Garment workers from four out of nine factories whose employers fled the country without paying their wages and other benefits began receiving their payout from the government yesterday while the rest will receive it after Khmer New Year.
According to a statement from the Labour Ministry issued yesterday, more than 2,500 workers from four factories would be paid starting yesterday until Thursday since their owners fled the country years ago.
“Today, the ministry starts its campaign to pay wages to a total of 2,542 workers whose bosses have ran away without paying them,” it said.
“They are from four factories such as Benoh Apparel, Fu Da Garment Industry, Great Honour Textile Factory and Chung Fai Knitwear Ltd”
The Labour Ministry issued an announcement earlier this month to laid-off workers from four factories to come and receive their wages and other missing benefits between Monday and Thursday following a sub-decree issued by Prime Minister Hun Sen.
In late February, Mr Hun Sen announced that the government was prepared to pay $4.6 million to 4,100 factory workers whose employers had fled. Each worker would receive up to $1,100, depending on years of employment.
Kreng Chheng, 43, a worker from the Great Honour Taxtile factory, said she was delighted to receive her wages and other benefits totaling $1,649 after working at the factory for 20 years.
“I am very happy to get paid. I never thought I would get it. I had no hope that our problem would be solved,” she said.
“I would like to thank Samdech Hun Sen for his effort in solving this problem and paying us after our boss fled.”
Ms Chheng said she could now afford to spend the Khmer New Year holiday with her family in Kandal province’s Sa’ang district. She added she was looking for a job.
“We lost our job in July 2016 after the boss fled and we protested for about two years to demand a resolution,” she added.

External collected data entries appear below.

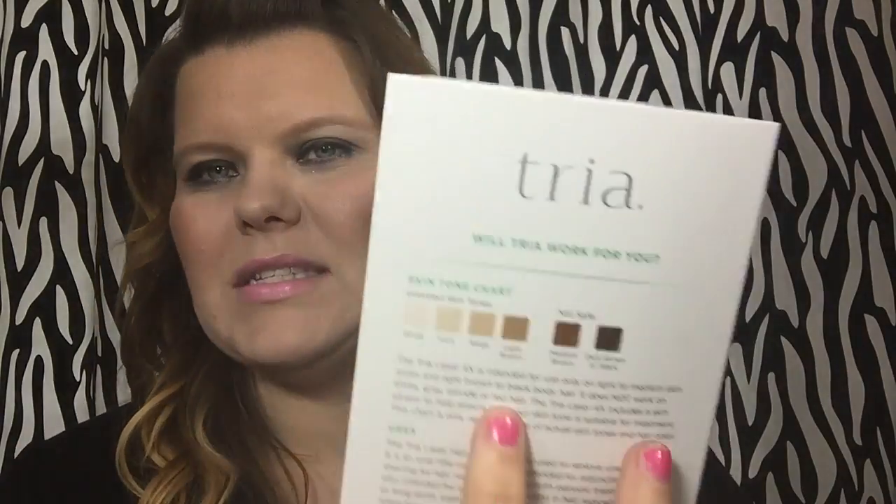So it's the Tria hair removal laser times four, as I said. It tells you here on the skin tone chart what skin tones it will work with and what it's not recommended for. This is more of just an unboxing and showing the product to you.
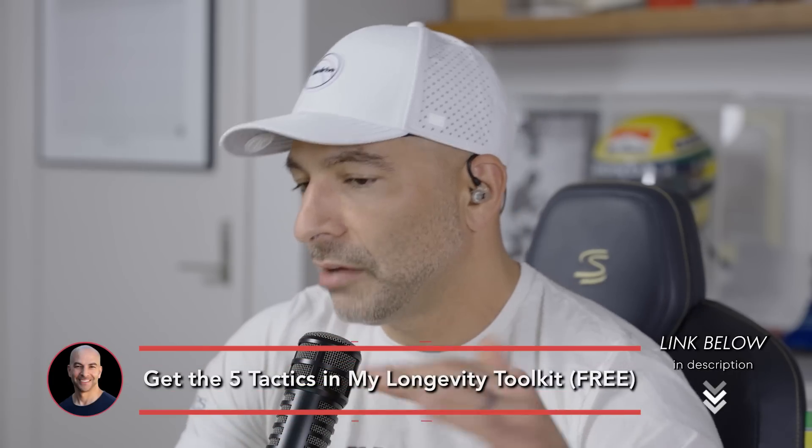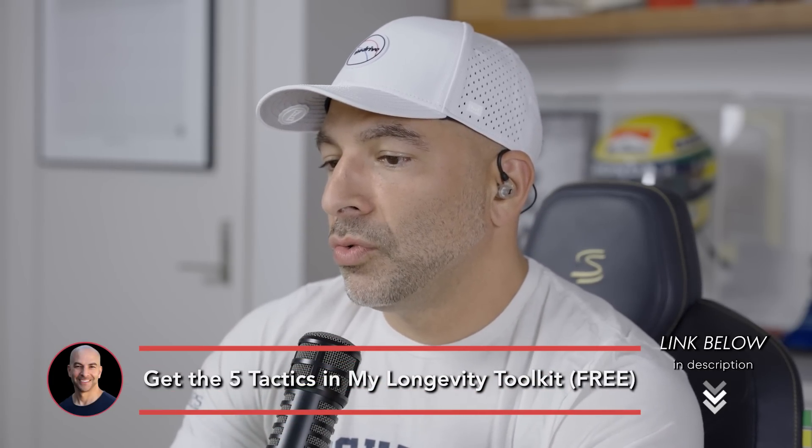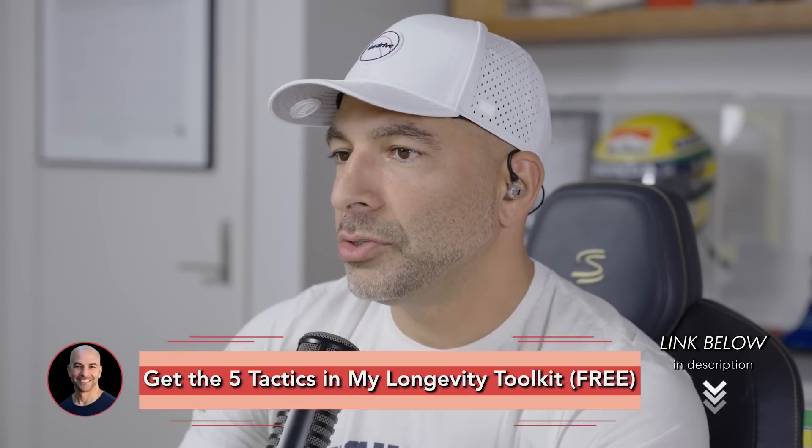The way I describe it is: three quarters of the way into the interval — so six minutes if it's an eight-minute interval, three minutes if it's a four-minute interval — three quarters of the way in, you should be at the 50% level of your pain. And so once a person is ready to graduate into a dedicated VO2 max session, that's what I want to do.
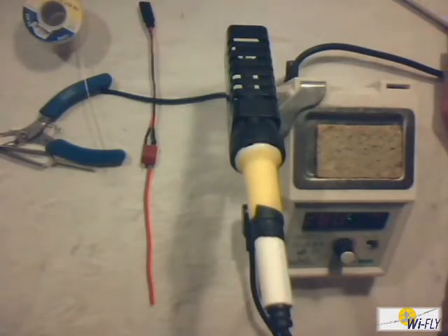That's basically just a very short tutorial on how to solder. Thanks for joining me and see you guys next time.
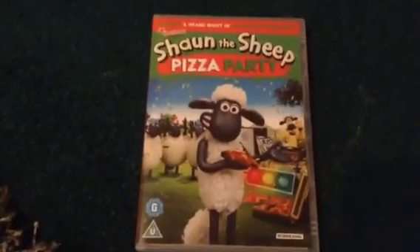So if anybody enjoyed my DVD unboxing for Shaun the Sheep Pizza Party, don't forget to leave a like and please subscribe to my YouTube channel. Goodbye!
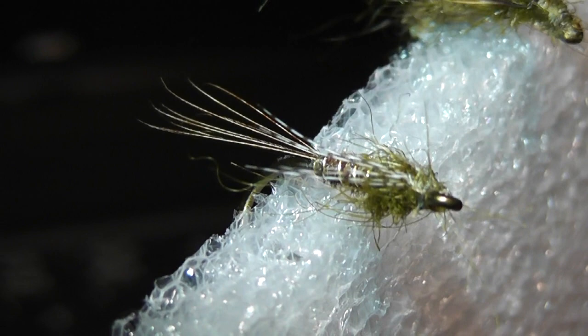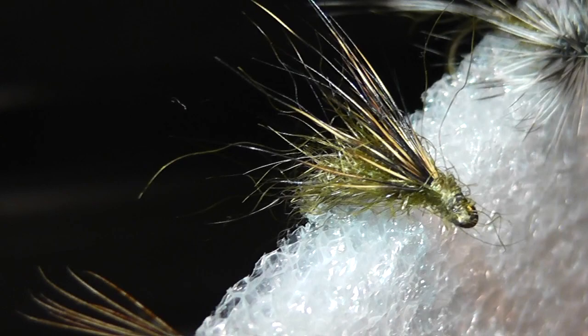Here is a quick look at the life cycle fly tied tonight, starting off with a nymph, then moving on to the emerger, and then moving on to a dun.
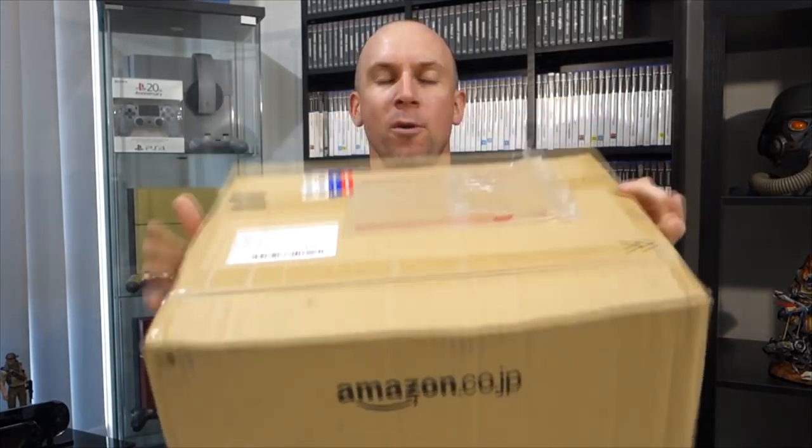What is going on guys? It is Simon here. I am back in front of the camera. I have another parcel from Japan, so let's open it up and take a look.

“I lost all hope of getting paid, but now I have it even though it’s not near the $3,000 that I calculated from working at the factory for 20 years.”
Ms Chheng said some workers had received their wages while others would get their money prior to Thursday, two days before the start of Khmer New Year.
Heng Sour, spokesman for the Labour Ministry, said yesterday that the $4.6 million budget would pay workers from nine factories whose employers fled the country. Workers from four factories would get paid this week while workers from the five remaining factories would get paid later.
“The workers from the five other factories will receive their wages and other benefits after Khmer New Year once we complete calculations. We will tell them where they can collect their payment,” Mr Sour said.
He added that the payment was offered to workers on both fixed-length contracts and unlimited-duration contracts, and included their seniority bonus.
Kaing Monika, deputy secretary-general for the Garment Manufacturers Association in Cambodia, said yesterday that GMAC really appreciated the government’s intervention to help the unpaid workers.
“We do not want to see such a distressed closure. That’s why it’s of utmost important that all stakeholders work together to maintain our country’s competitiveness and to prevent this undesirable situation from happening in the first place,” Mr Monika said.
Labour Minister Ith Samheng said last month that from now on the ministry would take action to stop factory owners from fleeing and also prepare ways to protect workers.
“The ministry is preparing regulations that will require all enterprises to pre-deposit money with the National Social Security Fund, so if the factories close unexpectedly, the NSSF will have the ability to pay workers on behalf of the factory,” Mr Samheng said.
He added the ministry would take legal action against fleeing factory owners even if they had already escaped to their countries.
Pav Sina, president of the Collective Union of Movement of Workers, hailed the government’s intervention to help pay the workers, but urged the Labour Ministry to explain to the workers why they calculated the amount of wages and benefits differently from what workers deserved to receive.
“I see that some workers are not very happy because they are wondering why they worked for many years, but instead received little money while other workers received more money,” Mr Sina said.
He added that workers forced themselves to accept the money because they needed it for Khmer New Year.
“I call on the government and relevant officials to speed up paying wages for workers as soon as possible because they need it badly to pay for their living costs,” he said.